Rooster, Dog, Crow – Jim Nason: A Few Thought-provoking Questions and a Friendly interview

The book depicts a world where upside-down politics dovetails with the carnivalesque, a love triangle unfolds between a belligerent Rooster, a happy-go-lucky meth-addicted Dog, and a gender-fluid Crow. This is my sixth poetry collection and I believe I have pushed myself to the extremes of the creative mind to depict a world that is real and surreal, a place where women, men, and animals shape-shift and trade places, intermingle within each other’s feathers, coats, and skin.
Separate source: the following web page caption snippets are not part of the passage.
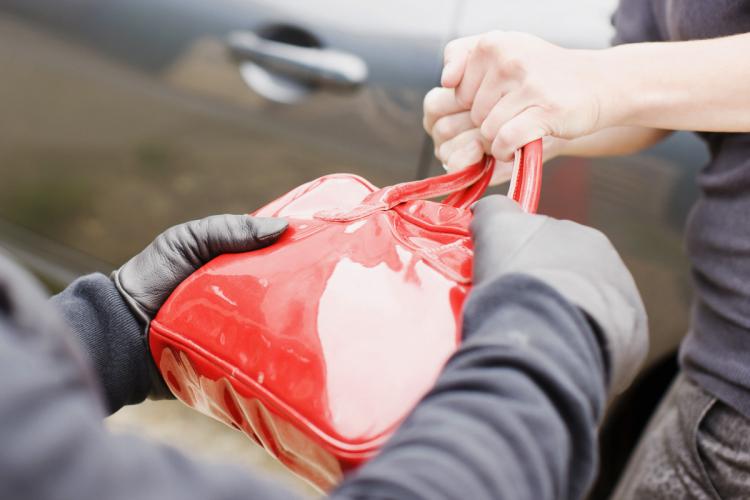 ਪੀਲੇ ਰੰਗ ਦੇ ਬਿਨਾਂ ਨੰਬਰ ਮੋਟਰਸਾਈਕਲ ਸਵਾਰ ਲੁਟੇਰਿਆਂ ਨੇ ਔਰਤ ਦਾ ਪਰਸ ਖੋਹਿਆ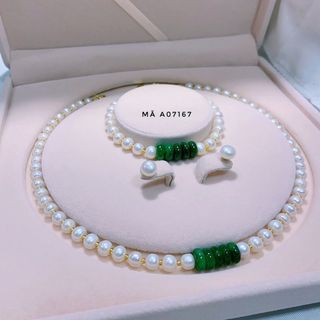 BỘ TRANG SỨC NGỌC TRAI NUÔI PHỐI NGŨ ĐIẾU NGỌC CẨM THẠCH - THẮNG GIANG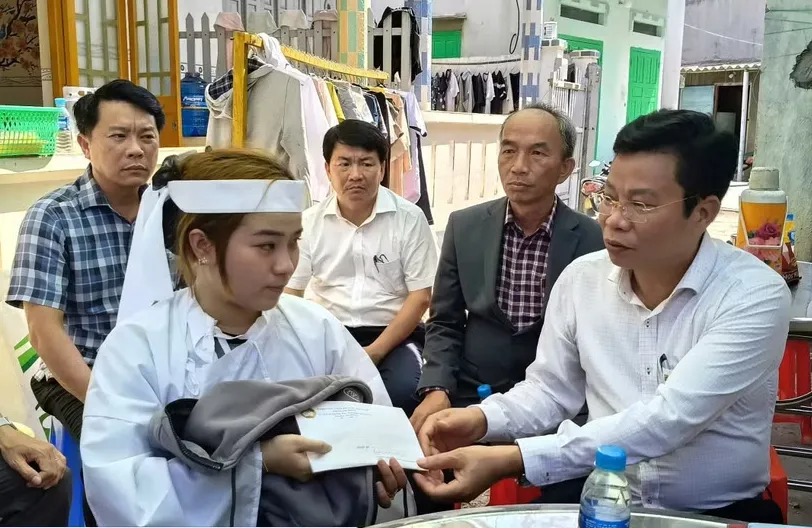 Xe khách lao xuống vực ở Lâm Đồng: Xe từng kiểm định 2 lần trong ngày mới đạt - Ảnh 4.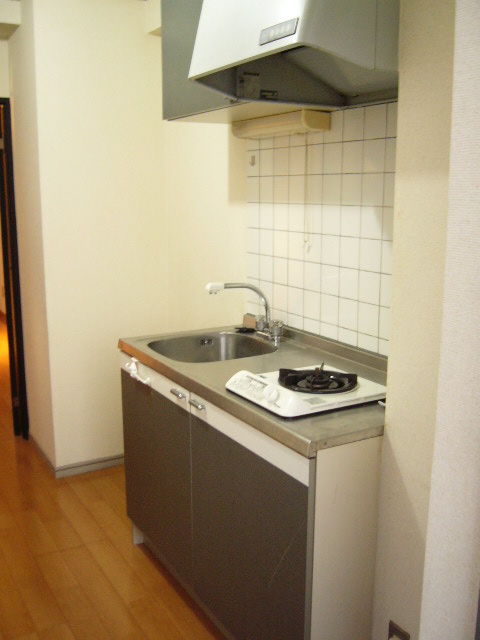 Kitchen. 1-neck is a kitchen with a stove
Sometimes these characters are the masters of decadence and desire, other times they question the very worlds they’ve invented.  The opening poem, “Rooster Wears Stilts to the Pride Parade,” depicts a self-righteous, party-pooper bird shouting: Lower your banners, swallow your whistles! To hell with this stream of green, blue and youth.

Rooster, Dog, Crow follows the Trump campaign to an apocalyptic finale. In “Flame,” Rooster, high up on stilts, claims that he learned to swallow flames/ by watching Hillary Clinton in a bright red suit deflect Trump’s abuse and lies. Rooster says, Clinton leaned into the gap/ of the next question as if the floor were/ about to part, as if she were about to be/ swallowed – red and burning and whole.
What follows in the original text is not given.